Shakey’s Pizza Asia Ventures Inc., the listed pizza restaurant chain led by the Po family, said it incurred a net loss of P247 million from the previous year’s income of P865.23 million.
The company said it incurred losses for most of 2020, but it posted an income of P215 million in the fourth quarter. However, this was not enough to offset the losses it incurred during the previous three quarters.
“2020 was obviously a one-of-a kind year amidst the Covid-19 pandemic and the restaurant industry was one of the hardest hit. Nonetheless, despite our net loss for the year, we’ve managed to pull through with positive cash flows, improved cost structures, and greater ability to address off-premise demand thanks to the gallant efforts of our team and the numerous business innovations we’ve been put into place,” Vicente Gregorio, the company’s president and CEO, said.
The company’s business was heavily affected by the series of lockdown measures, which at its peak in March through May, forced the temporary closure of 91 percent of its store network.
When quarantine measures eased, store traffic inched up slowly during the second half of 2020, but it still booked a loss of P171.95 million for the third quarter.
For the fourth quarter, however, the company’s systemwide sales reached P1.8 billion, a growth of 33 percent from the third quarter due to the seasonal holiday pick-up, increased dine-in sales, as well as a resilient delivery and carry-out business.

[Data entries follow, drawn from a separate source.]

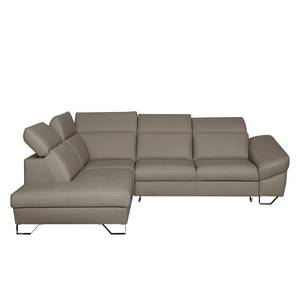 Ecksofa Saltia II Echtleder Taupe - Ottomane davorstehend links - Keine Funktion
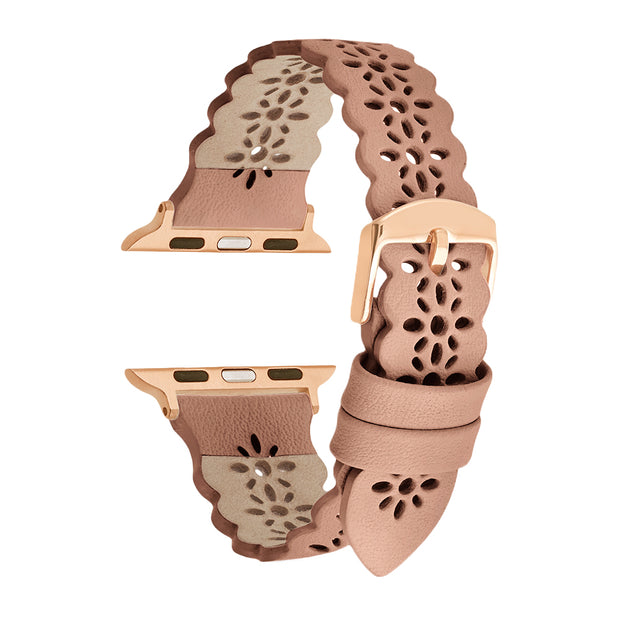 Nude Lace Leather Strap / Rose Gold Buckle - 38mm, 40mm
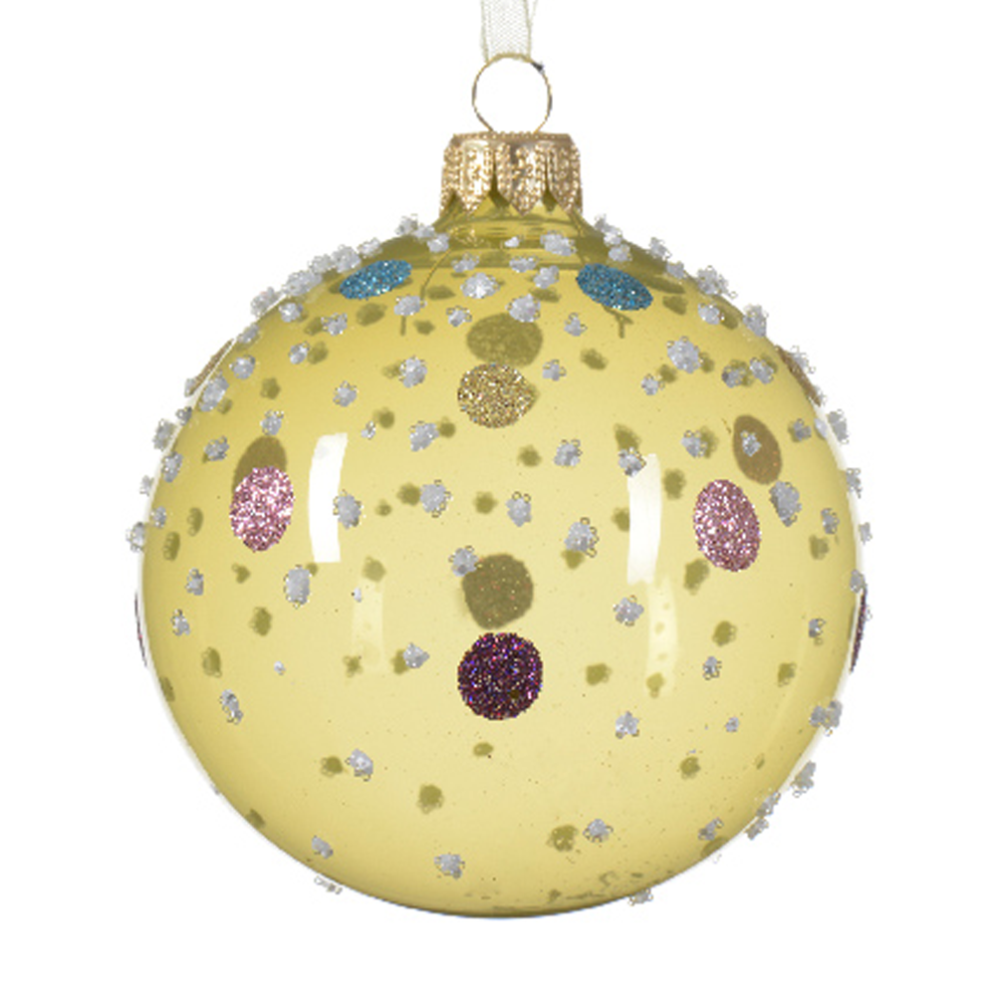 Glazen kerstbal - Met glitters - 8cm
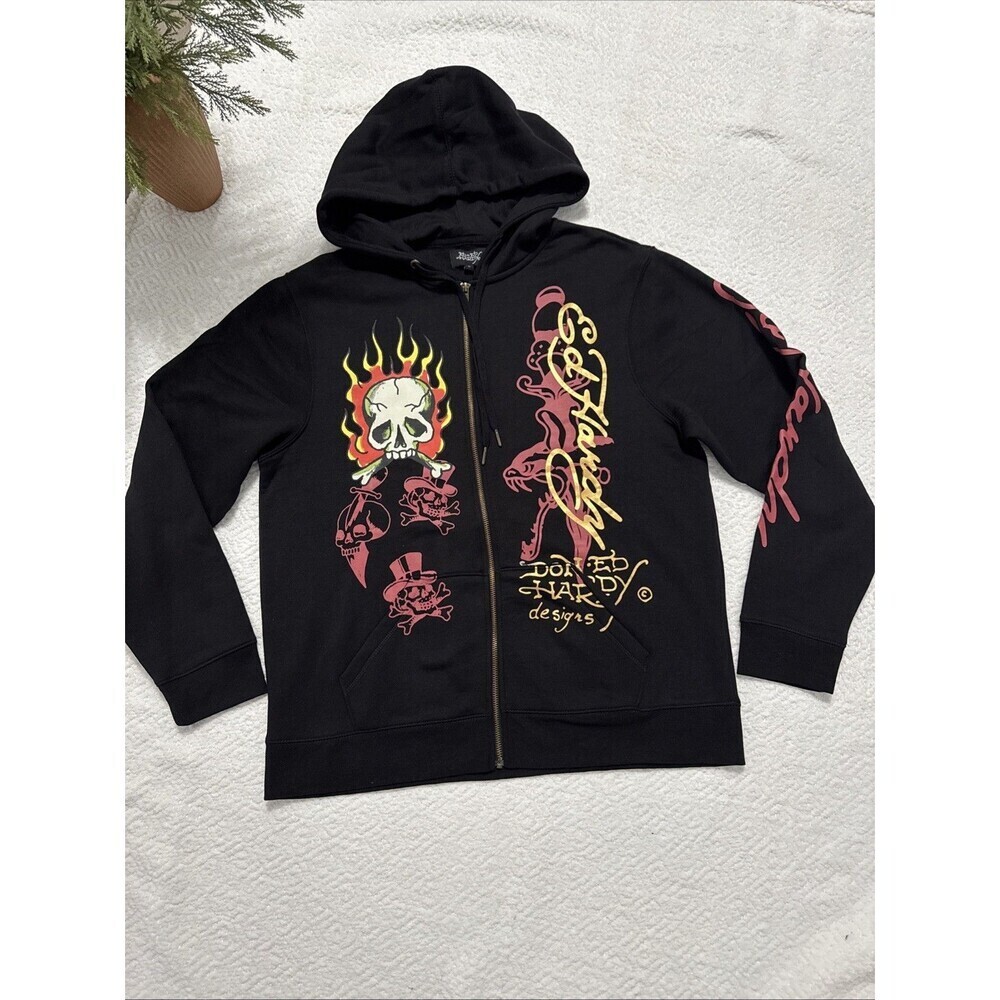 Ed Hardy Skull Flames Full Zip Fleece Black Hoodie Sweatshirt Mens Large NWT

For the entire year, the company ended with total sales of P6.6 billion, or just 64 percent of sales in 2019. On a same-store sales basis, excluding the impact of closed stores, sales were down 30 percent year-on-year, it said.
“We are pleased by the improvements we saw towards year-end which gave us the confidence to further invest in future growth, readying ourselves to better compete in the ‘new normal’ while creating jobs amid the Philippines’ tough economic environment,” Gregorio said.
“Moving into 2021, the ability to stay nimble and adapt to the ever-changing environment will be of utmost importance. We are hopeful that dine-in continues to recover this year, but are nonetheless managing the fact that guests will likely continue to need convenient and flexible out-of-store options.”
The company earlier said it will restart a store network expansion strategy that was put on hold last year due to the pandemic. The stores will, however, have smaller footprints and reduced investment requirements relative to traditional brick-and-mortar stores. This ensures payback periods are kept short and return on capital remains high.
The company is also looking to build locations that have the Shakey’s, Peri-Peri Charcoal Chicken and R and B Milk Tea brands in one location to maximize its existing asset base.